District President Andreas Bothe handed over the funding notification to Michael Dinklage and Volker Duddek, both managing directors of gate.ruhr GmbH, on Friday, 4 November. Marl’s mayor Werner Arndt, Michael Kalthoff, chairman of the management board of RAG Montan Immobilien GmbH, as well as Andreas Täuber and Dr. Andreas Schützendübel, chairman and vice-chairman of the town planning committee, were also present at the handing over of the notice in Marl.
“This project is an investment in the future of the region, as it focuses on the economic development potential of the area. Not only Marl, but the entire Emscher-Lippe region will be able to benefit from gate.ruhr. Therefore, I am very pleased to be able to personally hand over this notification of the increase in funding today,” said Andreas Bothe.
“Gate.ruhr is the future project for Marl and the Emscher-Lippe region,” says Werner Arndt. “Up to 1,000 additional and urgently needed jobs and apprenticeships are to be created at the former Auguste Victoria 3/7 mine over the next few years.” The renewed high level of federal and state funding is enormously important “to open up new prospects for the future, especially for future generations.”

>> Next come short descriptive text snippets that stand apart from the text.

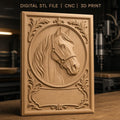 Fichier CNC & impression 3D cheval, tête de cheval avec cadre ornemental, haute qualité relief STL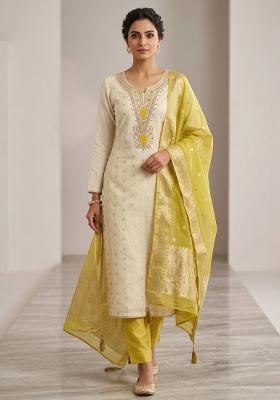 Off White Weaving Work Shimmar Kurta Set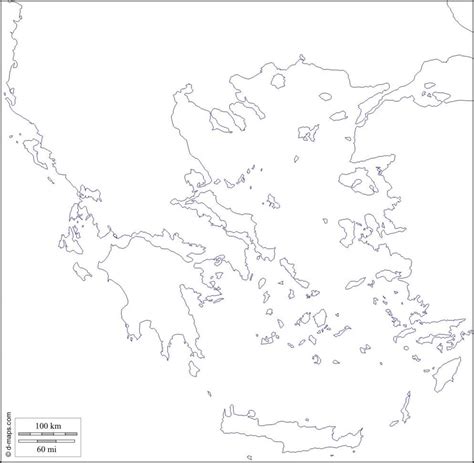 Mapa En Blanco De Grecia Grecia Mapa En Blanco El Sur De Europa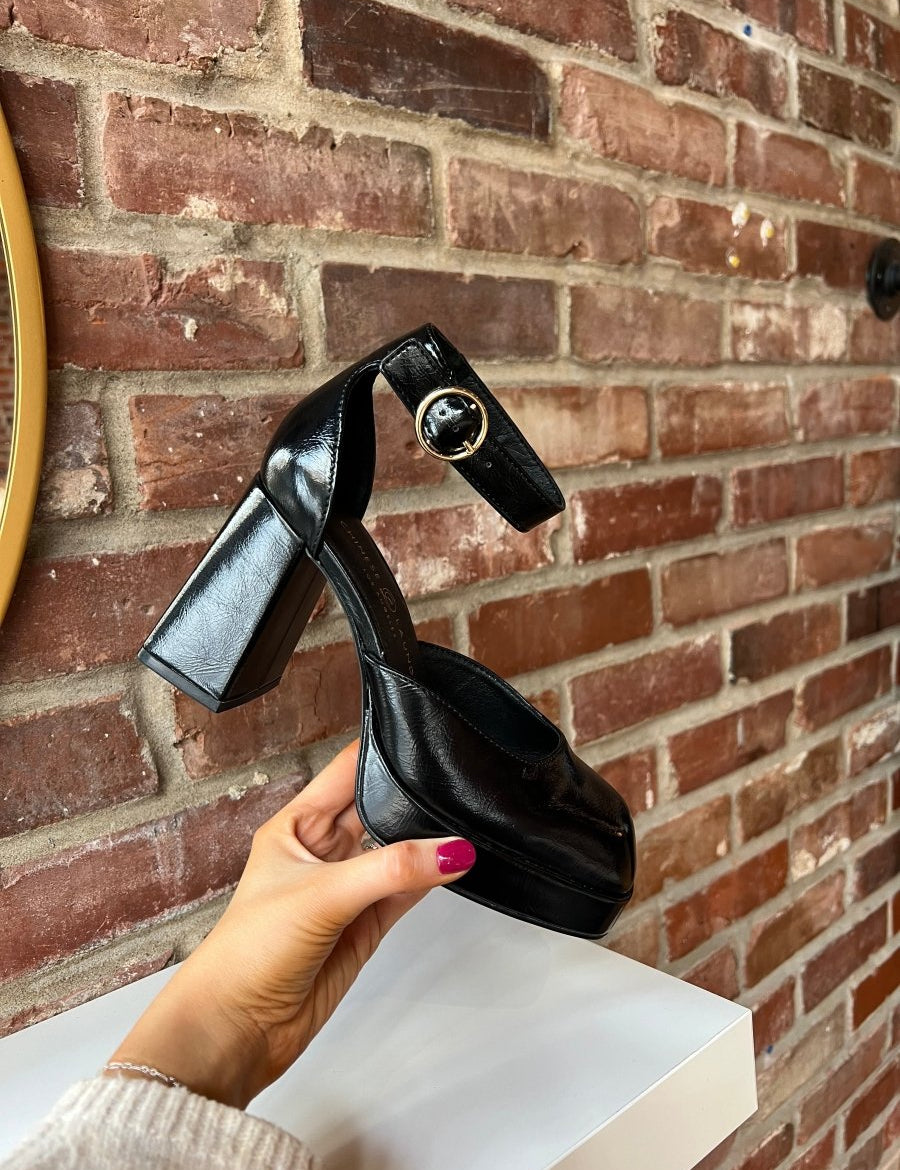 Hollis Black Patent Square Toe Platform Heel - Gwenna The Label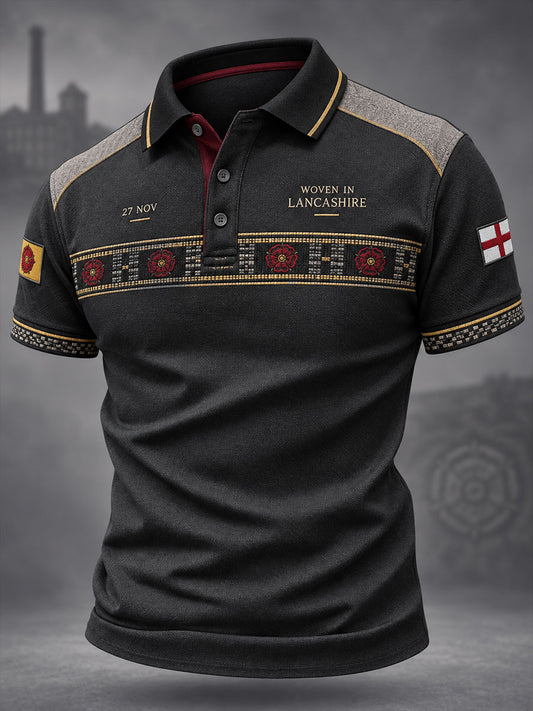Men's England Lancashire Day Red Roses Art Printed Casual Tops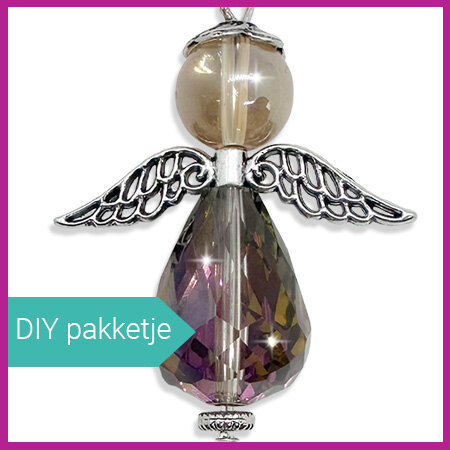 DIY pakketje geluksengel L Zilver antraciet AB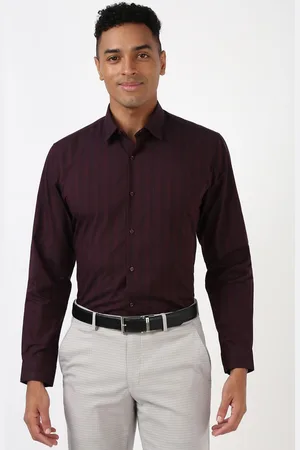 Peter England Men Spread Collar Striped Polycotton Slim Fit Formal Shirt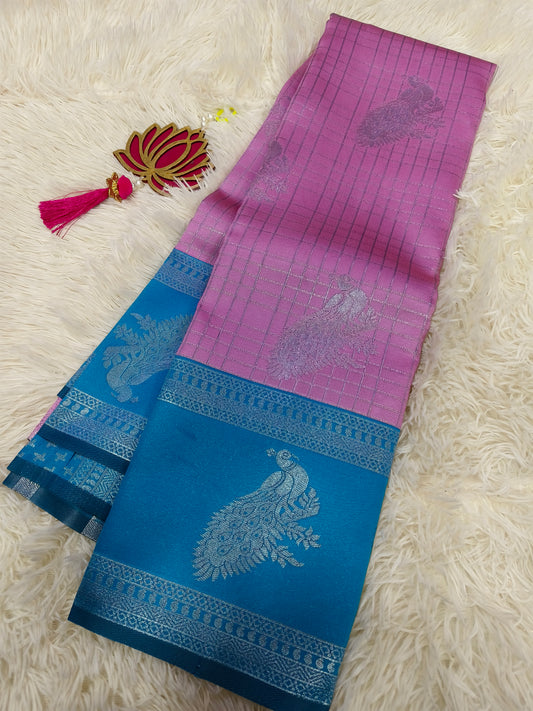 Pink with aqua blue Mercidised silk saree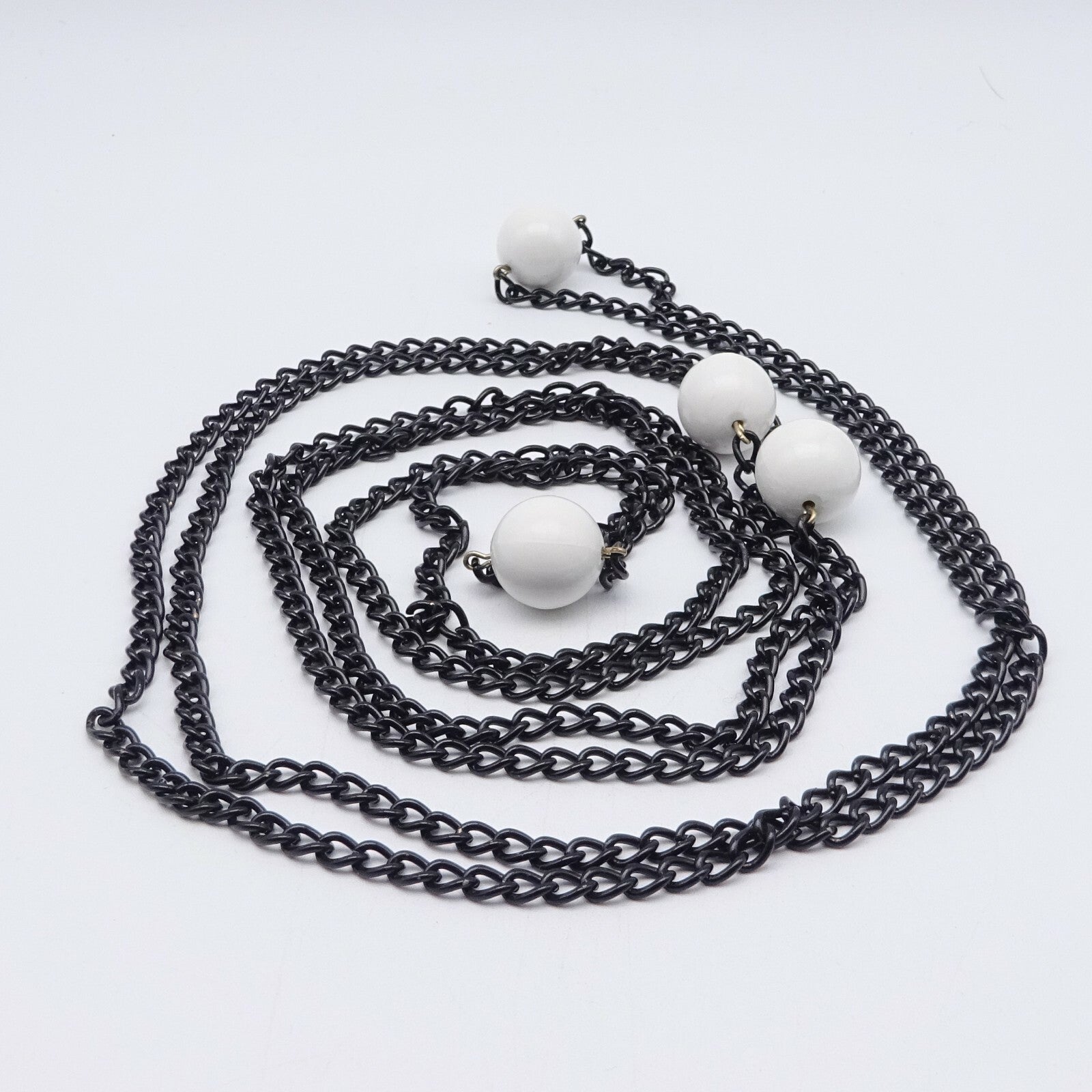 Vintage Black Chain & White Bead LONG Necklace Estate Costume Jewelry 88"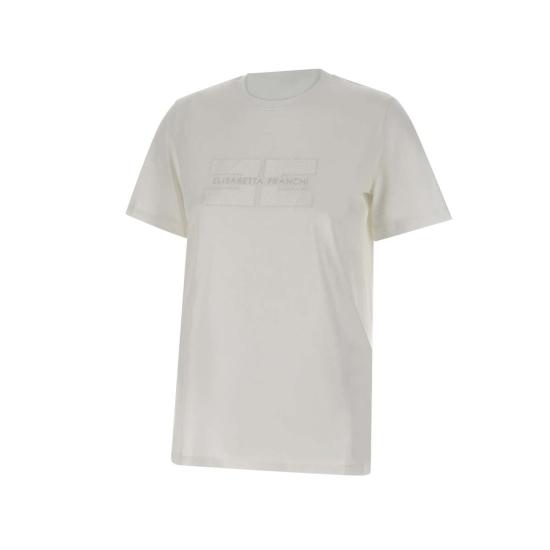 25SS 엘리자베타프랜치 반팔 티셔츠 MA00251E2 270 White - ELISABETTA FRANCHI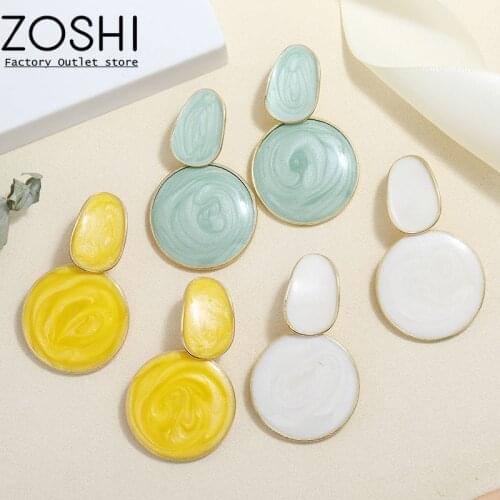 Minimalistic Dangle earrings Fashion Alloy Oval Shape Enamel Drop Earrings For Women Bohemian Female Jewelry Wedding Accessories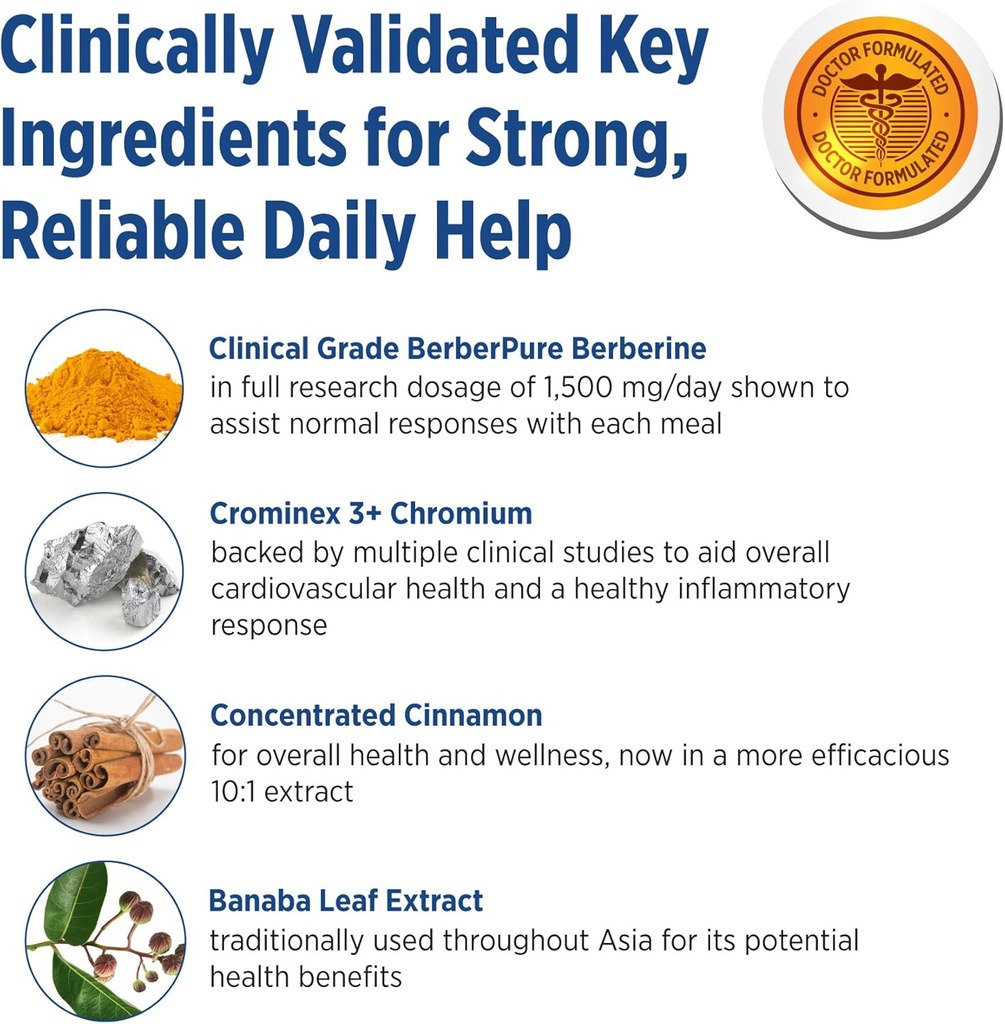 DOCTORS' PREFERRED GlucoGold with Berberine, Concentrated Cinnamon, Chromium, Banaba Leaf Extract (90 Tablets) 4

In 2019, gate.ruhr GmbH was already approved for a grant of 14,585,099.30 euros. Now an increase of a further 2,538,544.62 euros has been approved for the same project purpose, resulting in a total of the above-mentioned funding amount of more than 17 million euros.
The goal of the gate.ruhr project is the development, preparation and marketing of commercially used areas with a size of about 12.5 hectares. It is intended to strengthen the adaptability, competitiveness and self-reliance of the region around the city of Marl, which is affected by structural change. This is intended to compensate for the loss of many jobs as one of the effects of the end of coal mining.
The site is also an attractive location for international companies, as it is closely connected to the motorway, rail and canal networks. The development measure is expected to attract new companies and thus create up to 1,000 new jobs and apprenticeships.
The total eligible expenditure amounts to 20,256,287.69 euros. The funding rate is 90 percent. The funds come from the Federal-Land Joint Task “Improvement of the Regional Economic Structure” (GRW) and are borne half by the Federal Government and half by the Land.